Each record here should be printed again exactly; please leave its pictures out.
####################
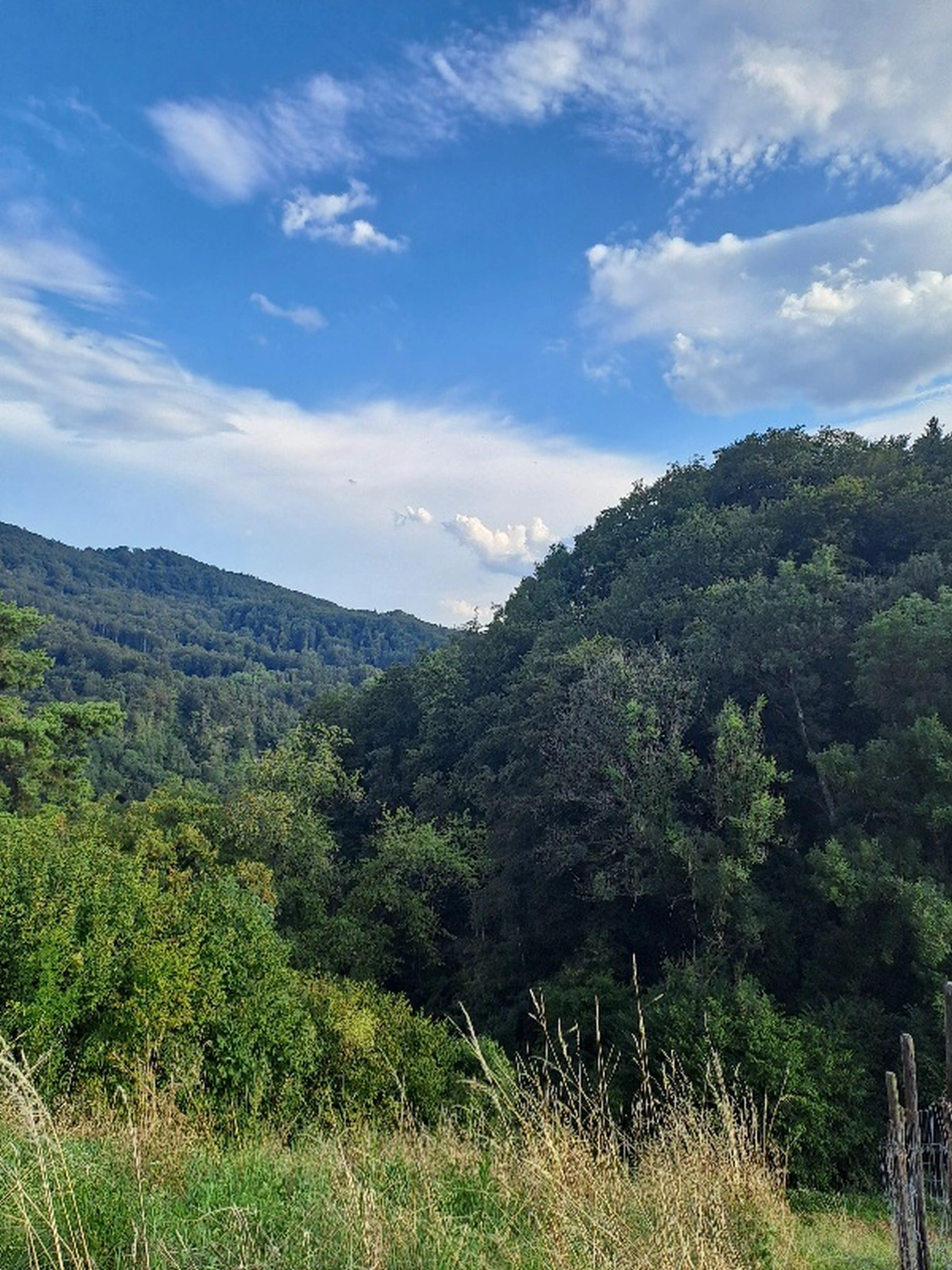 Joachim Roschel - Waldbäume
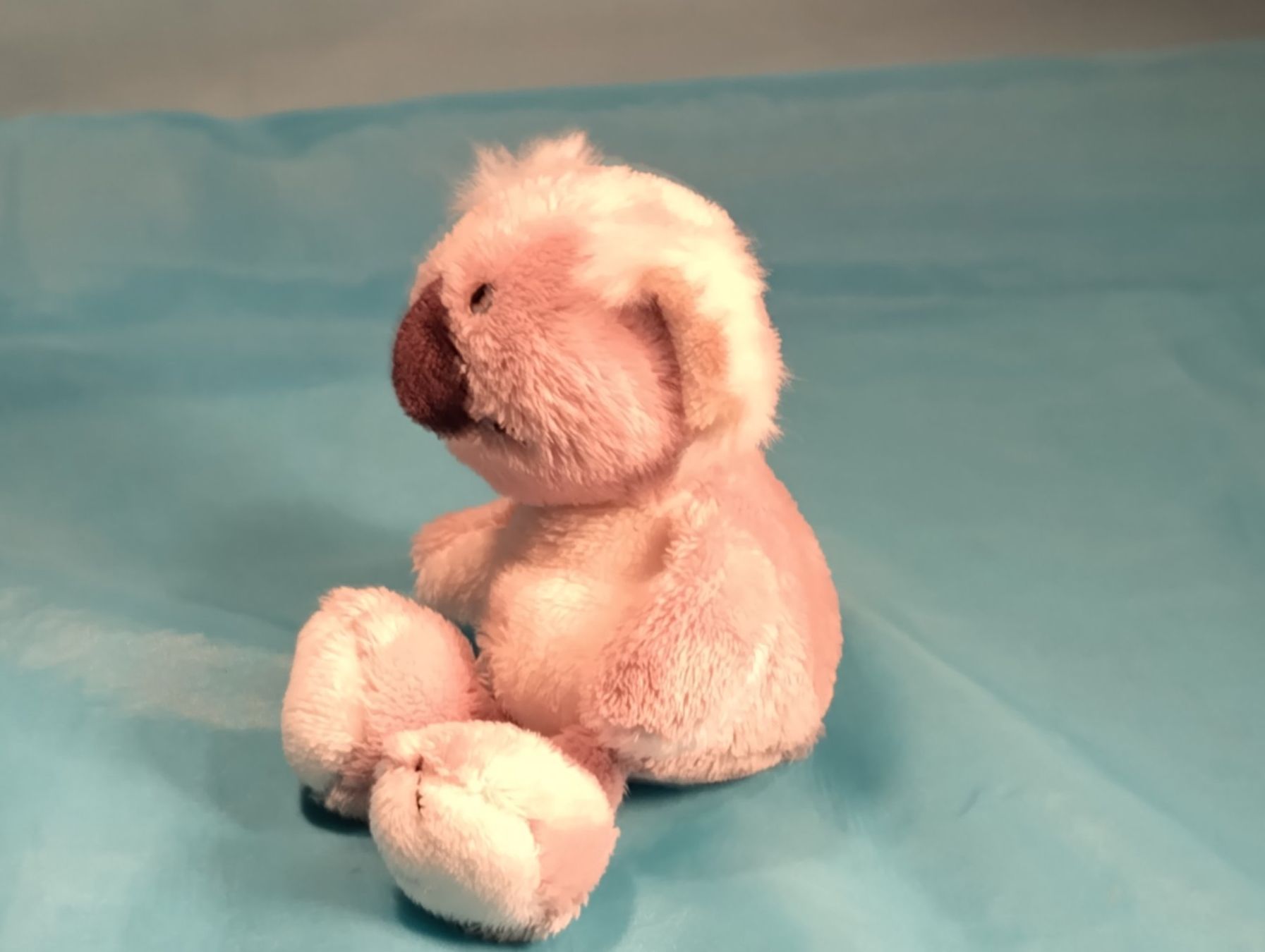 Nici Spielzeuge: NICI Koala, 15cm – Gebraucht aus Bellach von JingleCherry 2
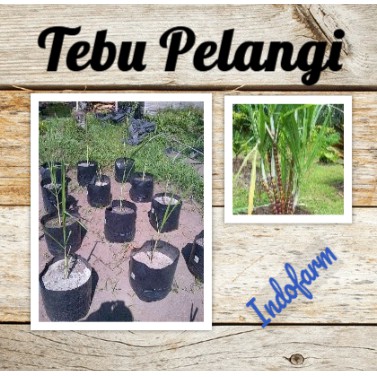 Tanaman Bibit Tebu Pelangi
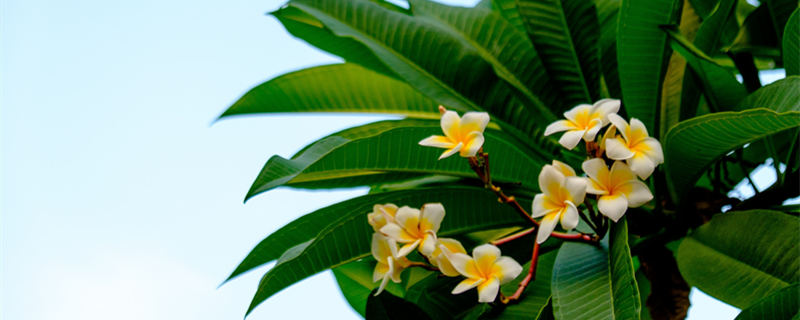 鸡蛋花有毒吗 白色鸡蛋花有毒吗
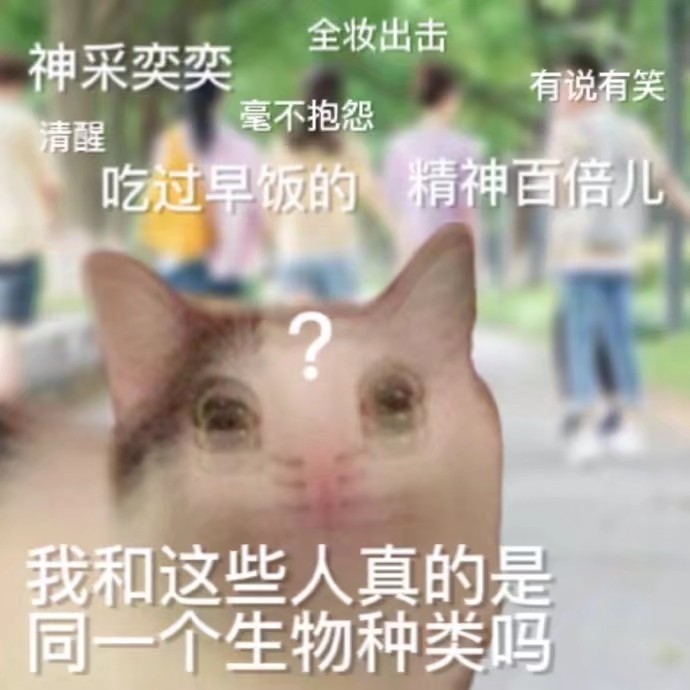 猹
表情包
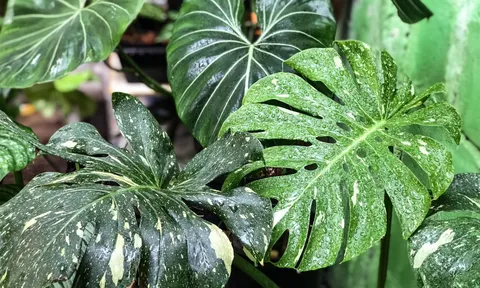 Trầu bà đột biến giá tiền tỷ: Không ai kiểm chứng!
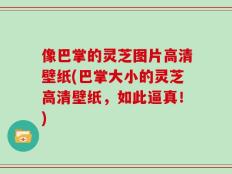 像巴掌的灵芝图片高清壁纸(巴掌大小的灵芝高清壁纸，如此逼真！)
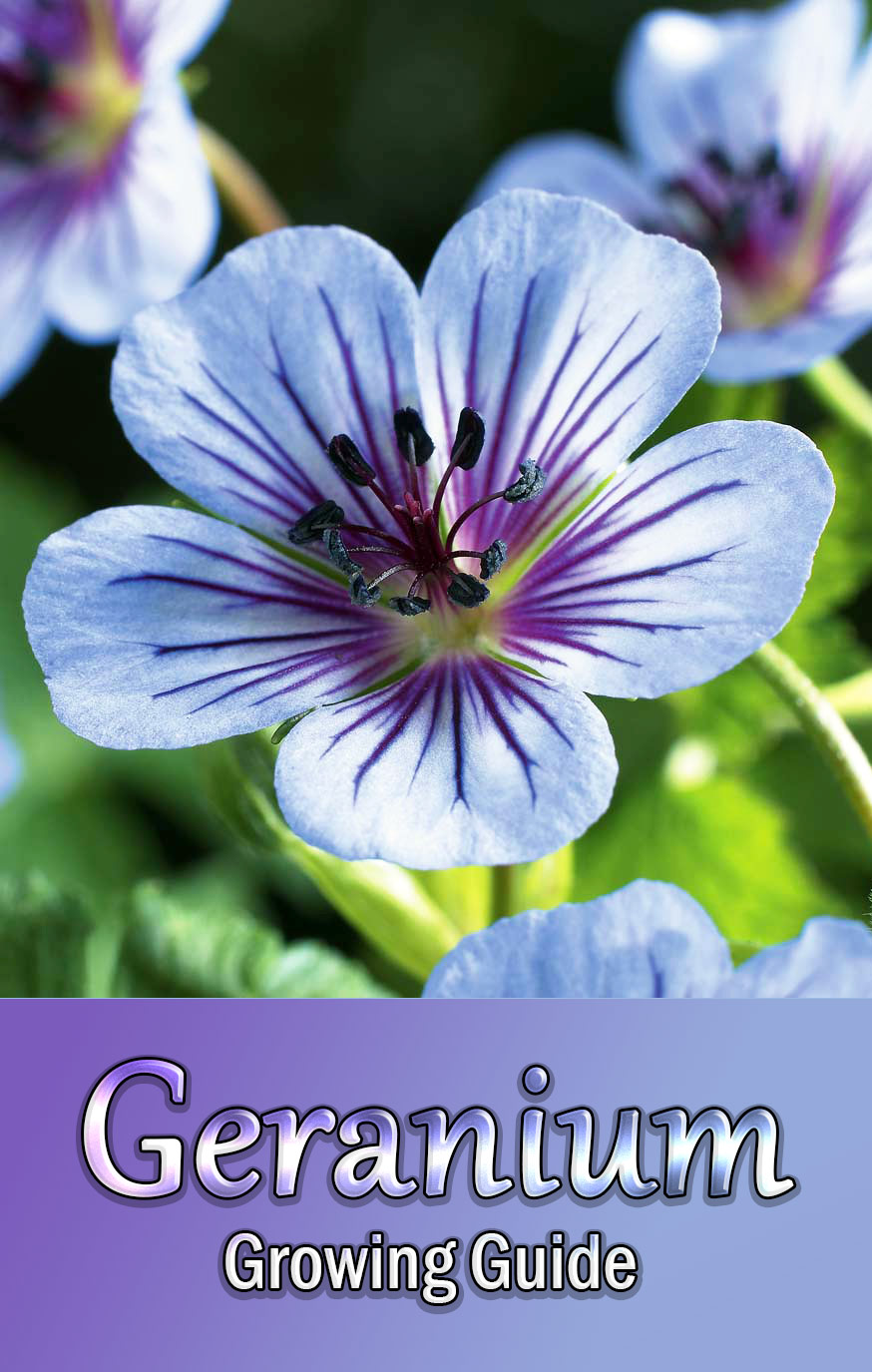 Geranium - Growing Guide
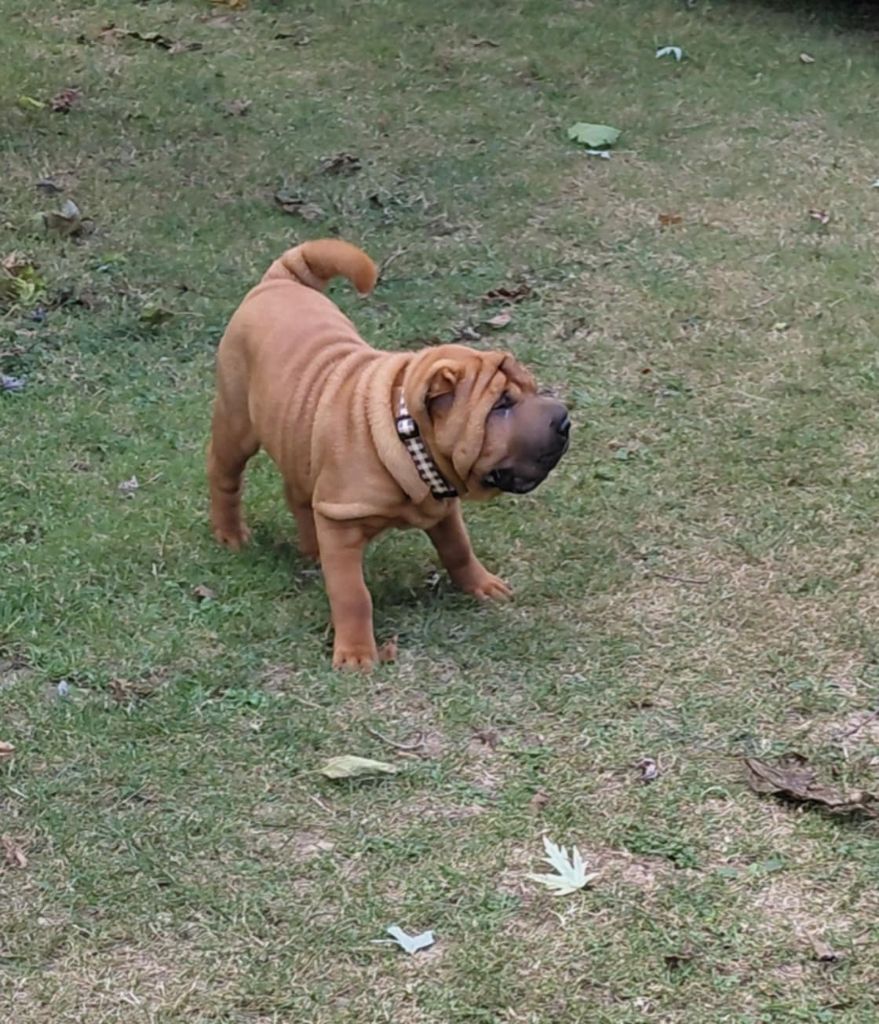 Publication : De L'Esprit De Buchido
####################
■ Completed task
 Joachim Roschel - Waldbäume
 Nici Spielzeuge: NICI Koala, 15cm – Gebraucht aus Bellach von JingleCherry 2
 Tanaman Bibit Tebu Pelangi
 鸡蛋花有毒吗 白色鸡蛋花有毒吗
 猹
表情包
 Trầu bà đột biến giá tiền tỷ: Không ai kiểm chứng!
 像巴掌的灵芝图片高清壁纸(巴掌大小的灵芝高清壁纸，如此逼真！)
 Geranium - Growing Guide
 Publication : De L'Esprit De Buchido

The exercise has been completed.